As we’ve seen in this blog series, learning about the geology of an area can reveal fascinating secrets and intricate associations between ancient processes and modern civilization. Not only that, it allows us to gain a deeper understanding of the world around us, and how billions of years of geologic change have shaped the planet we see today. Enhancing our knowledge in this subject can benefit us in so many ways.

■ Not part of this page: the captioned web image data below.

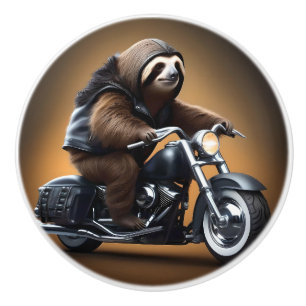 Pomo De Cerámica Sloth En Una Moto,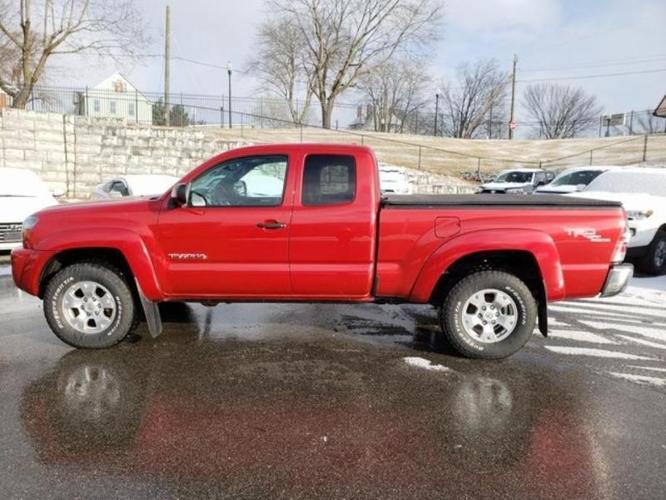 2010 toyota tacoma v6 4x4 v6 4dr access cab 6.1 ft sb 5a for sale in greenfield, massachusetts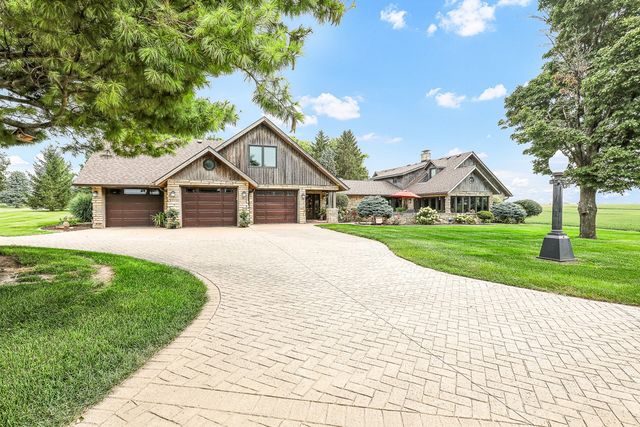 2775 Osburn Avenue, Oskaloosa, IA 52577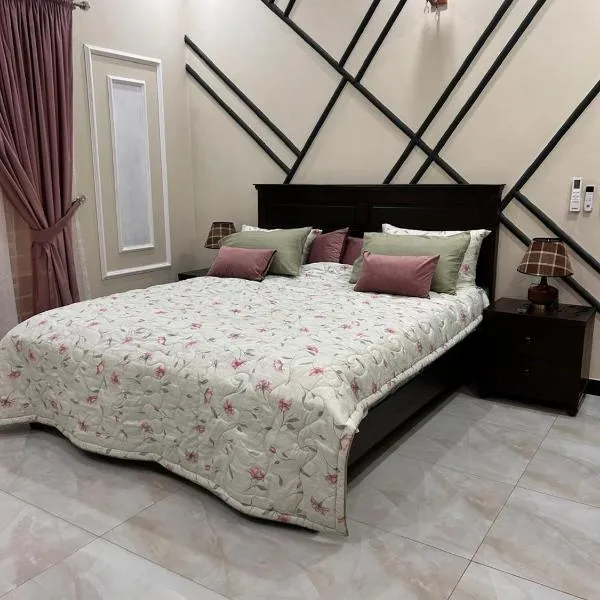 Rana Villas & Rest Stop, hotel i Lahore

Practical reasons for enriching one’s understanding of the world around them are aplenty, and carry incredible importance. Besides a select few lucky astronauts, every human must share the same planet, and for the near future at least, it’s the only one we’ve got. To know more about it allows us to treat it with respect, and utilize its resources appropriately. As is so often the case, however, this outcome is seldom realized.

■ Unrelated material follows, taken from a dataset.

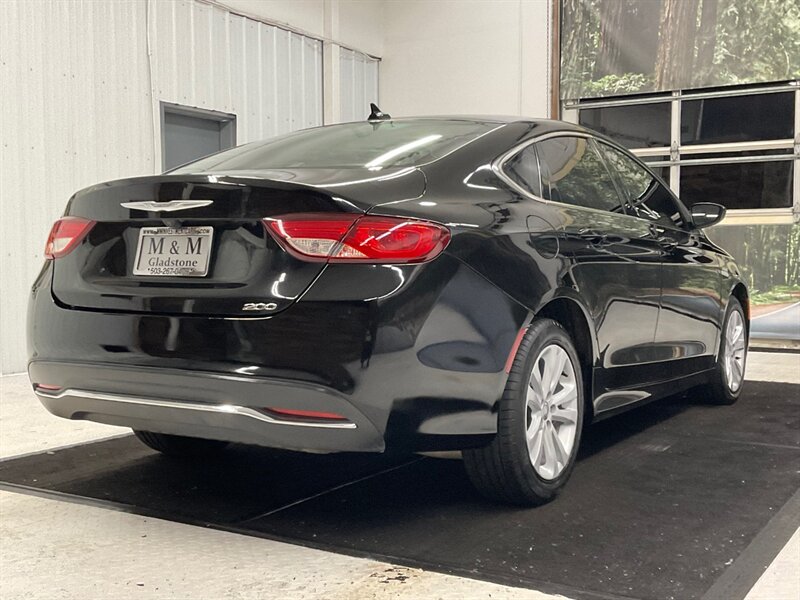 2016 Chrysler 200 Series Limited Sedan / 2.4-Liter I4 PZEV M-Air Engine  / Backup Camera / TOUGH SCREEN / Sharp & Clean !! - Photo 8 - Gladstone, OR 97027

A recent case highlighting the importance of geologic knowledge in our neck of the woods came earlier this year. In May, Wisconsin Attorney General Brad Schimel released an opinion saying that, “the Department of Natural Resources can’t consider the collective impacts of high capacity wells in a given region when issuing new well withdrawal permits,” as summarized by Danielle Kaeding in an article on Wisconsin Public Radio’s website. Concentrated Animal Feeding Operations, or CAFOs, use massive amounts of water, and are being increasingly permitted throughout Wisconsin. Not only that, the manure produced by CAFOs often causes groundwater contamination. While there are certainly reasons for such an opinion being issued, they lack any sort of scientific basis.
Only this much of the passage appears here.